■ **How to complete this task**:
The entries below should be given again exactly, minus their pictures.

==== Raw data

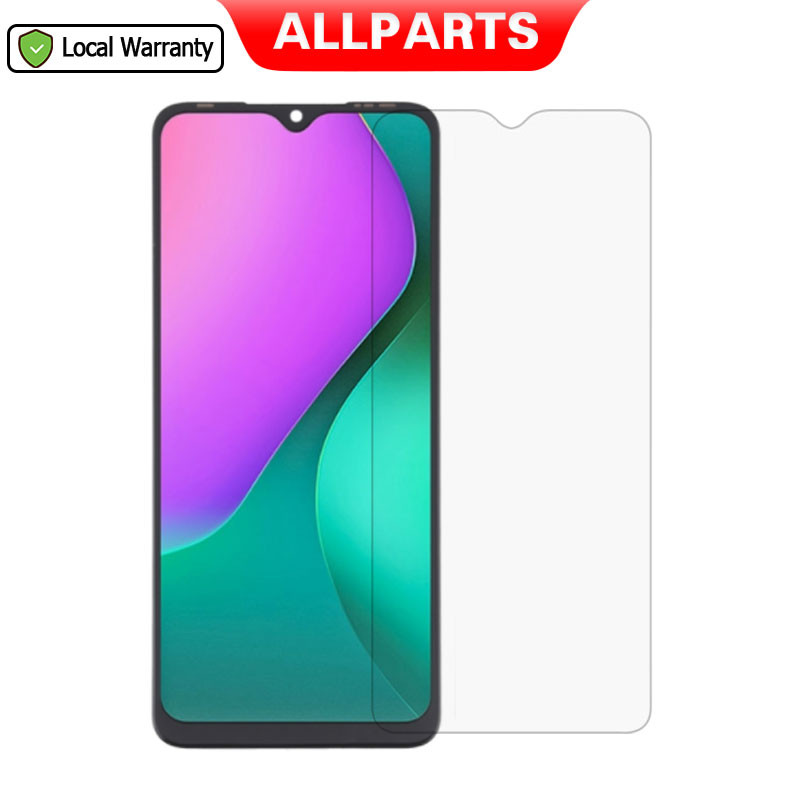 กระจกนิรภัยสําหรับ INFINIX HOT 10 11 PLAY Pova Neo P37 Pro Spark 7P Vision 2 Plus ป้องกันหน้าจอ HD ฟ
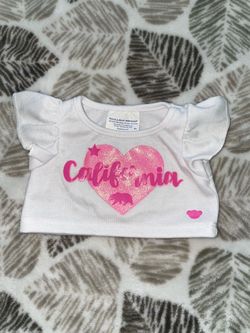 Build a bear California T-Shirt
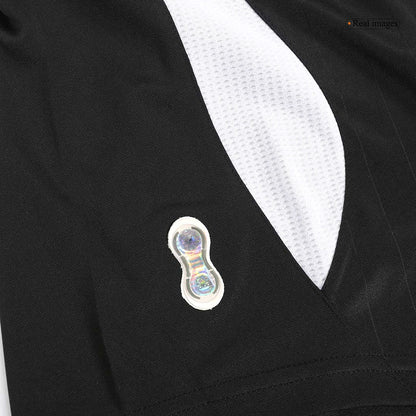 Retro SERGIO RAMOS #4 Men's Real Madrid 2006/07 Away Soccer Jersey product view 6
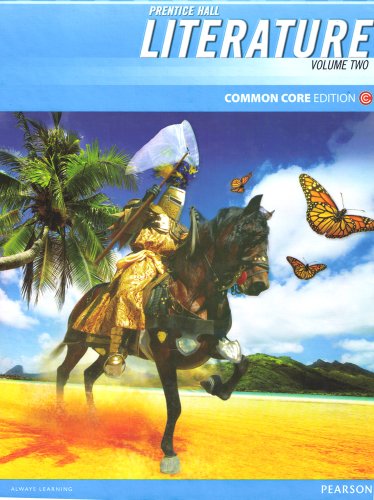 Prentice Hall Literature: Common Core Edition, ... 0133208737 Book Cover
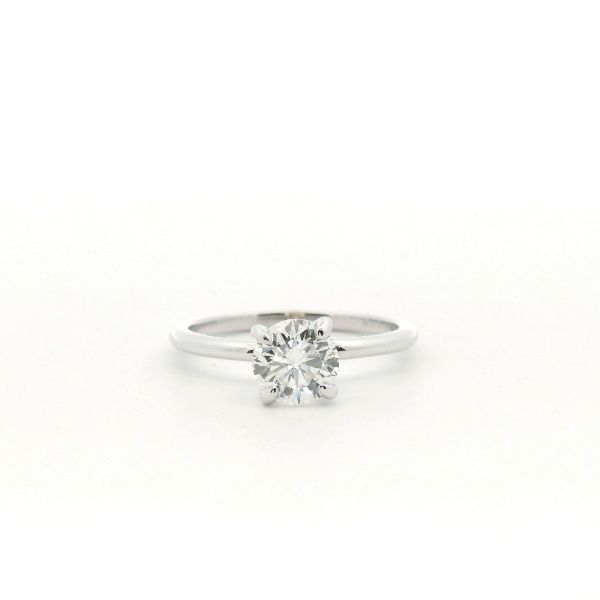 14KW .93CT Diamond Solitaire Ring Kiefer Jewelers Lutz, FL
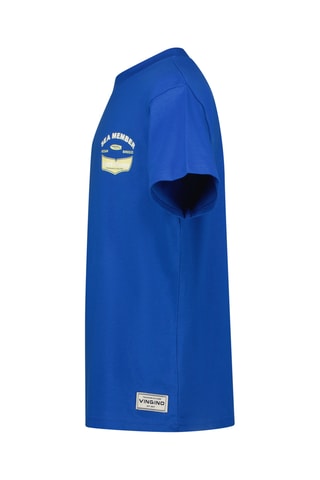 T-shirt - Azul-cobalto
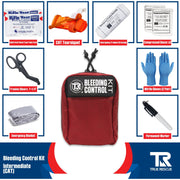 True Rescue Kit with Wall Mount Bleeding Control Kit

========

■ **Written response**:
 กระจกนิรภัยสําหรับ INFINIX HOT 10 11 PLAY Pova Neo P37 Pro Spark 7P Vision 2 Plus ป้องกันหน้าจอ HD ฟ
 Build a bear California T-Shirt
 Retro SERGIO RAMOS #4 Men's Real Madrid 2006/07 Away Soccer Jersey product view 6
 Prentice Hall Literature: Common Core Edition, ... 0133208737 Book Cover
 14KW .93CT Diamond Solitaire Ring Kiefer Jewelers Lutz, FL
 T-shirt - Azul-cobalto
 True Rescue Kit with Wall Mount Bleeding Control Kit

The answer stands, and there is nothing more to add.